As far an I am aware any fish product will retain a particular, (not
'better' as frozen storage will not make quality better), level of quality
for longer at -35ºC that at -29ºC. The quantitative data on effect of
temperature on rates of deterioration of frozen fish is not very large and
not of good quality, but my best estimate of the doubling temperature, that
is the change in temperature that will double, or halve, the rate of
deterioration is 6ºC. Lowering storage temperature from -29ºC to -35ºC then
will double the storage life.
This is relative given some criterion of quality, or change in quality; are
there particular products that will benefit from this extension? You have
answered that question already - oily fish. These are very susceptible to
the development of rancid flavours arising from oxidation of lipids.

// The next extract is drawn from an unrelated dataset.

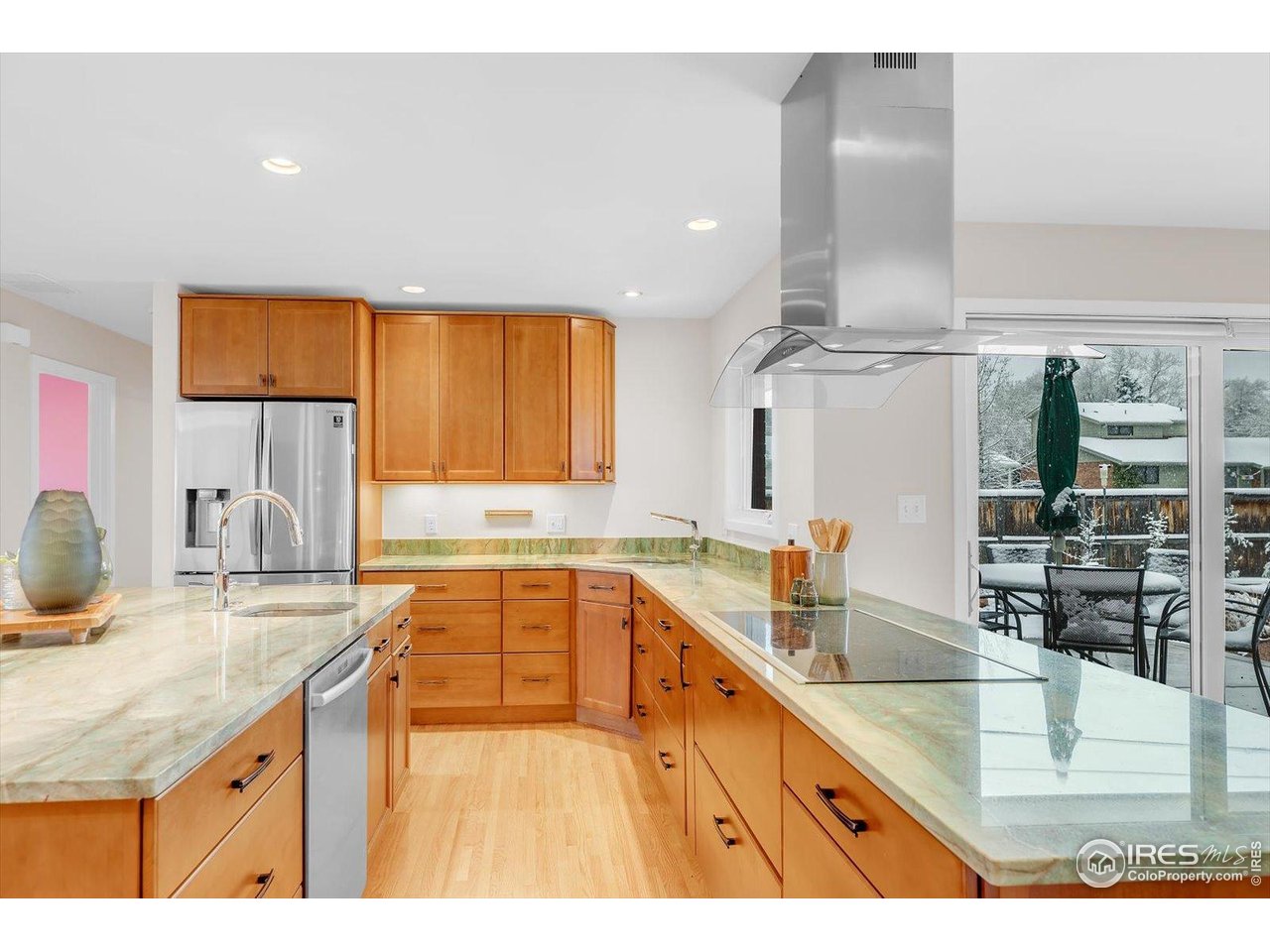 195 S 35th St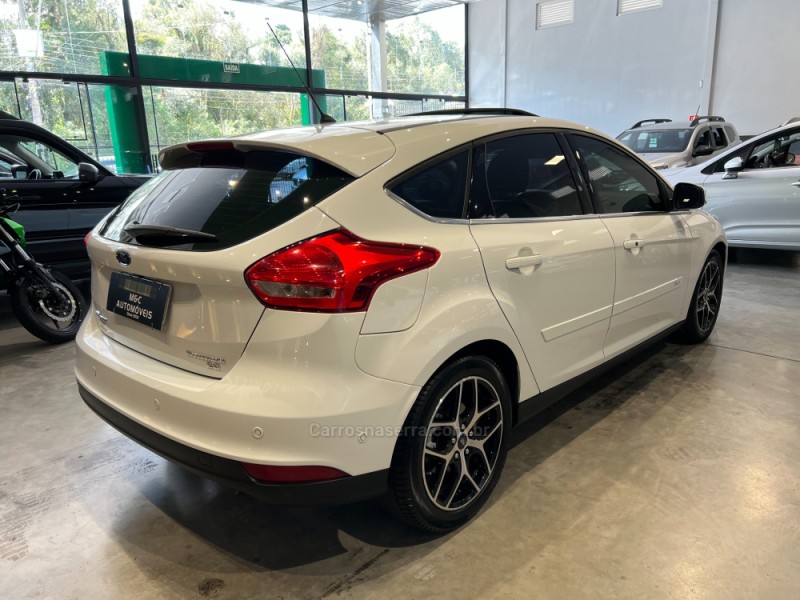 FOCUS 2.0 TITANIUM PLUS 16V FLEX 4P AUTOMÁTICO - 2017 - CAXIAS DO SUL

Packaging that excludes air - heavy water glazing is the typical technology
for bulk products - will slow down oxidation, but lowering of temperature
additionally has a marked influence. The recommendations of fish technology
laboratories in Europe is to store frozen fish at -30ºC, and generally this
recommendation is followed in the fish processing industry and in public
cold stores in Europe. Typically in Europe and Scandinavia, seasonally
caught pelagic fish such as herring and mackerel are frozen in solid
water-filled blocks and stored at -30ºC. This enables good quality products
to be available for at least a year. An expert assessor would be able to
detect traces of rancidity at this time, but the intensity would probably
not be of commercial significance. It is possible that some companies with
exacting standards of quality would not want even traces of rancidity in
their products and would run their stores below -30ºC. I understand some
companies in Europe are already doing this, but you would be more familiar
with the cold storage situation than I am.
However, you are concerned with temperature of storage during shipping.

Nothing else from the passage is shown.